I have this web scraper program in python, but it prints both tennis players Felix and Alexander. I would like to only print the first available tennis player as a separate item and exclude all the ones after it, so what do I need change in the code to do this?
To note, I did this through Visual Studio 2022 and applied the program to use Microsoft Edge web browser.
import requests
from bs4 import BeautifulSoup
response = requests.get("https://www.betexplorer.com/tennis/atp-singles/basel/auger-aliassime-felix-bublik-alexander/U5HIueTc/")
webpage = response.content
soup = BeautifulSoup(webpage, "html.parser")

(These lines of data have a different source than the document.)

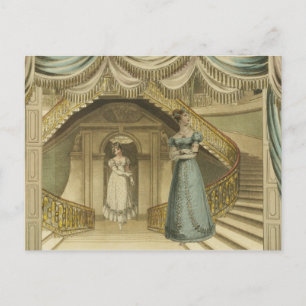 Regency-Damen auf der Treppe Postkarte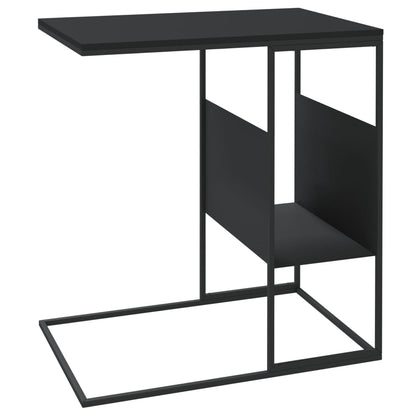 Bijzettafel 55X36X59,5 Cm Bewerkt Hout Zwart 55 x 36 x 59.5 cm zonder wielen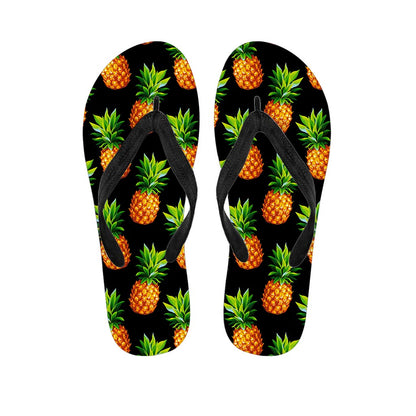 Black Pineapple Pattern Print Flip Flops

for h2 in soup.find_all('h2'):
values = [data for data in h2.find_all('a')]
for value in values:
print(value.text.replace(" ","_"))
print()
CodePudding user response:
Instead of looping through each tag individually you can use the select() function to find that specific tag and print the first one.
import requests
from bs4 import BeautifulSoup
response = requests.get("https://www.betexplorer.com/tennis/atp-singles/basel/auger-aliassime-felix-bublik-alexander/U5HIueTc/")
webpage = response.content
soup = BeautifulSoup(webpage, "html.parser")
print(soup.select('h2 a')[0].text.replace(' ','_'))
CodePudding user response:
Instead of the loop, just do
print(soup.h2.text.strip())